Laurel und Hardy, Harold und Maude

Stermann & Grissemann über ihr Programm „Gags, Gags, Gags“ und andere Zukunftspläne

FALTER:Woche, FALTER:Woche 11/2017 vom 14.03.2017

Foto: Udo Leiner

Ein ungleiches Paar: Der Deutsche Ster- und der Österreicher Grissemann sind dafür bekannt, dass sie jeden Blödsinn mitmachen, meist im Doppelpack. Werbungen, Lesungen, Boulevardkomödien, Diskursshows am Theater, natürlich die TV-Sendung „Willkommen Österreich“ und immer wieder ein neues Kabarettprogramm. Kein Wunder, dass Christoph Grissemann das Interview mit den Worten einleitet: „Ich kann nicht mehr. Ich kann nicht mehr, und ich will nicht mehr.“

Falter: Das ist aber kein guter Anfang für ein neues Programm! Andererseits signalisiert das Plakat ja schon, dass „Gags, Gags, Gags“ auf Ihrer Lädiertheit und Ausgelaugtheit aufbaut.

Christoph Grissemann: Die Blessuren im Gesicht sind ein plumpes Mittel, um die seelischen Verletzungen zu zeigen, die wir dem Fernsehen angetan haben und das Fernsehen uns.

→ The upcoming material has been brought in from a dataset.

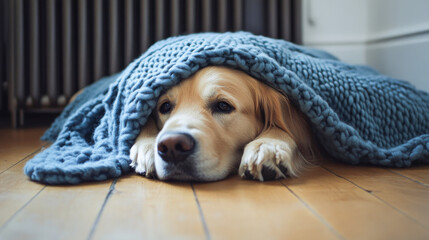 A golden retriever lies on wooden flooring, covered with a blue knitted blanket. The room has a radiator, suggesting warmth in a cold winter setting.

Warum verursacht das Fernsehen schlimmere seelische Verletzungen

als andere Einrichtungen?

Dirk Stermann: Es gibt wenig Berufe – höchstens noch Friseur, weil die ein Schaufenster haben –, die so öffentlich überprüfbar und kritisierbar sind wie der des Fernsehmoderators.

Grissemann: Wir sind auch selber schuld. Wenn ich Starkstromelektriker geworden wäre, würde mich Felix Baumgartner nicht beschimpfen. Das muss ich alles aushalten, und das Geld, das ich dafür bekomme, ist zu 80 Prozent Schmerzensgeld. Aber das ist ein fairer Deal.

Stermann: Im neuen Programm geht es um eine TV-Show, die nicht stattfindet. Es gibt zwei super Stargäste, die aber beide nicht kommen. Die Sendung bricht in sich zusammen, und wir sind auf uns selbst zurückgeworfen, auf unsere Hinigkeit. Es ist unsere vermeintlich letzte „Willkommen Österreich“-Sendung.

Wird „Gags, Gags, Gags!“ eine Abrechnung mit dem Fernsehgeschäft?

Grissemann: Im satirisch-ironischen Rahmen. Wir werden nachher nicht den Entlassungsbrief von Frau Zechner vom ORF bekommen.

Stermann: Das Programm spielt in der Zukunft, aber da das Fernsehen schnelllebig ist, ist schwer zu sagen, wie nahe diese Zukunft schon ist. Im Moment sieht es gut aus, dass wir noch nicht so weit sind. Aber da reicht ja schon eine neue Regierung, ein Eklat, ein Gedicht.

Im TV werden Ihnen die Gags von Autoren vorgelegt. Hier auch?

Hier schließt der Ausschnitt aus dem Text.